Guy Garvey, the lead
singer of this year's Mercury Music prize winners, Elbow, says: "iTunes
is responsible for the death of the album."

As
with AC/DC, he calls for the site to offer artists the choice of
"locking" their album. "The album is a piece of work that we laboured
over and not a bunch of downloads flung together to satisfy a
contractual demand."

There are also financial
reasons for opposing iTunes. With no packaging or distribution costs,
royalty rates should be higher, says Kid Rock. This is the reason he
won't allow his work on iTunes.

Angus Young says
that two big name rock acts are now rethinking their presence on iTunes
because the singles vs albums sales equation simply isn't working for
them.

"I met these bands and they were asking me
all about not being on iTunes," he says. "I told them that since iTunes
came into existence, we've actually increased our back catalogue sales
without being on the site, and at the time we were sternly warned by
our management team and our record label that the complete opposite
would be the case."

Young wouldn't confirm the
names of those acts.
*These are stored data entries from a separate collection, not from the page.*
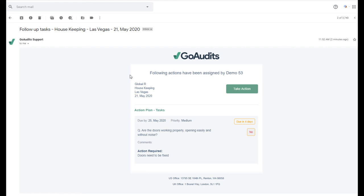The action plan assignee can be internal from your own company or can be external from third party companies. A note here, the action plan assignees will not require a license to receive the action plans. You can add as many action plan assignees as needed for you to choose where to assign the action plans.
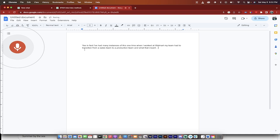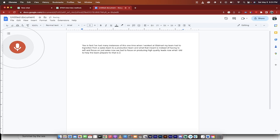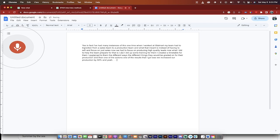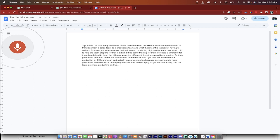Yes. In fact, I've had many instances of this. One time when I worked at Walmart, my team had to transition from a sales team to a production team. And what that meant is instead of having to sell and focus on just sales, now we had to focus on producing high quality leads. Now, what I did to help the team prepare for that is I basically did up some training for them. I created a timetable for them. I explained to them the different ways things they would be graded on for their production. And then one of the results that I got was we increased our production by 50%. And yeah, and actually sales went up too, because as your team is more productive and they focus on helping the customer versus trying to get the sale at any cost, our team got more productive and we increased our revenue.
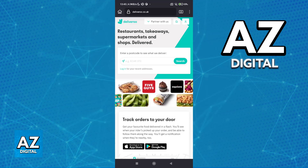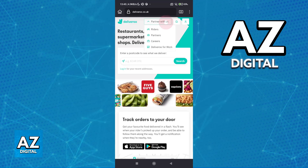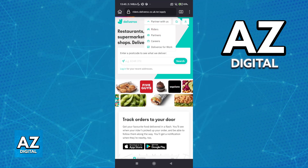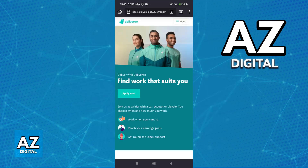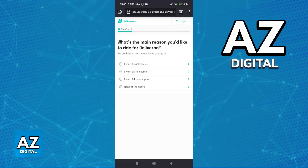Once you arrive at the page you will be able to tap on "Partner with us" and go over to "Riders" where you can apply to become a Deliveroo driver. Just go over to "Apply Now" and follow the instructions on screen. You will be guided through the five main steps to create your account.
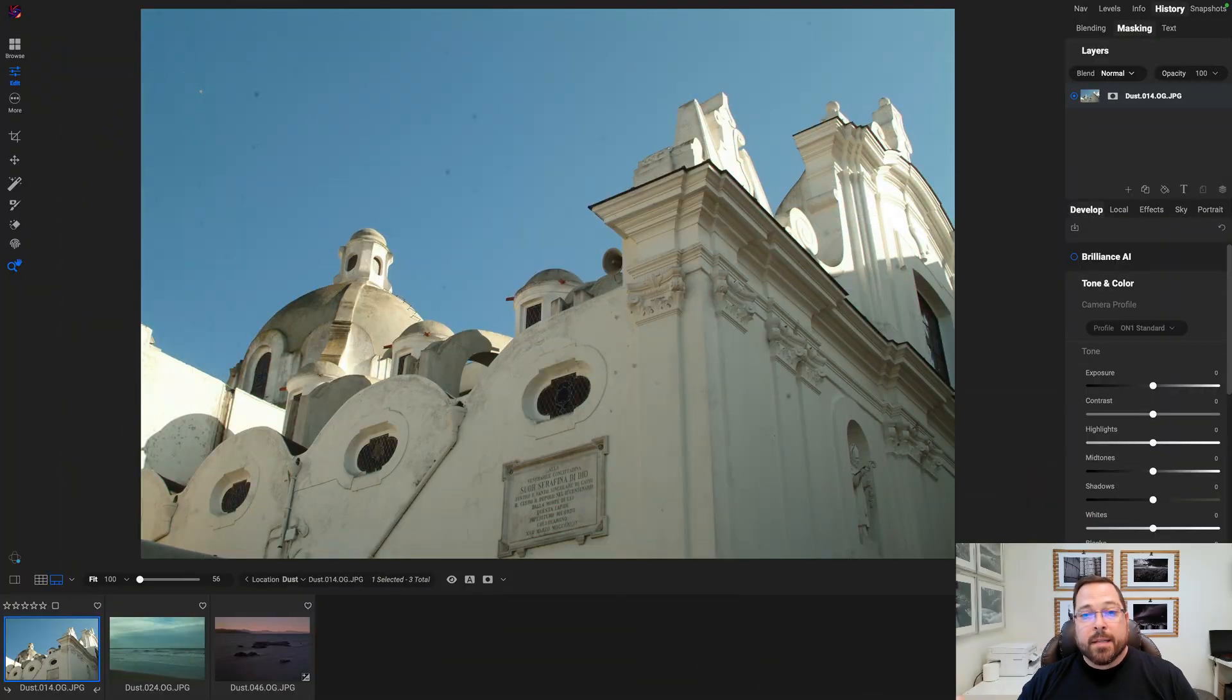...it doesn't always work. And of course, a lot of us have pictures from 20 years ago before those dust reduction features existed. Getting rid of those guys can be a time-consuming pain in the butt. Let me show you...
But recently, the Wall Street Journal published
sales figures that showed, of the six biggest back catalogue selling
acts in the world, the Rolling Stones, despite being available on
iTunes, limped into sixth place, with the top two acts on the list (the
Beatles and AC/DC) being iTunes refuseniks.

The
release of Black Ice will be a major blow for iTunes' claim to be the
world's biggest music retailer, but three days before that October 20
release date, a more significant threat to the company takes place when
the mobile phone company Nokia begin to sell their new "Comes With
Music" phone in UK stores.

The much-hyped Apple
iPhone was supposed to shore up iTunes sales (which it did) but Nokia
are making a bold raid on Apple's music download market.

The "Comes With Music" phone will allow users to download all the music they want for a fixed monthly subscription fee (the price of which is yet to be revealed by the company).

Each
of the four major music labels have already agreed to make their entire
catalogues available for the "Comes With Music" phone.

The phone requires an initial 12-month contract, but this does not need to be renewed.

In
the future we will all receive our music under a subscription model.
Apple have advanced plans to release an "iTunes Unlimited",
all-you-can-eat subscription service, but Nokia have stolen a march on
the normally latest-greatest-most-up-to-datest company.

For Apple, "when troubles come, they come not in single spies" but as a Nokia music phone blasting out Whole Lotta Rosie.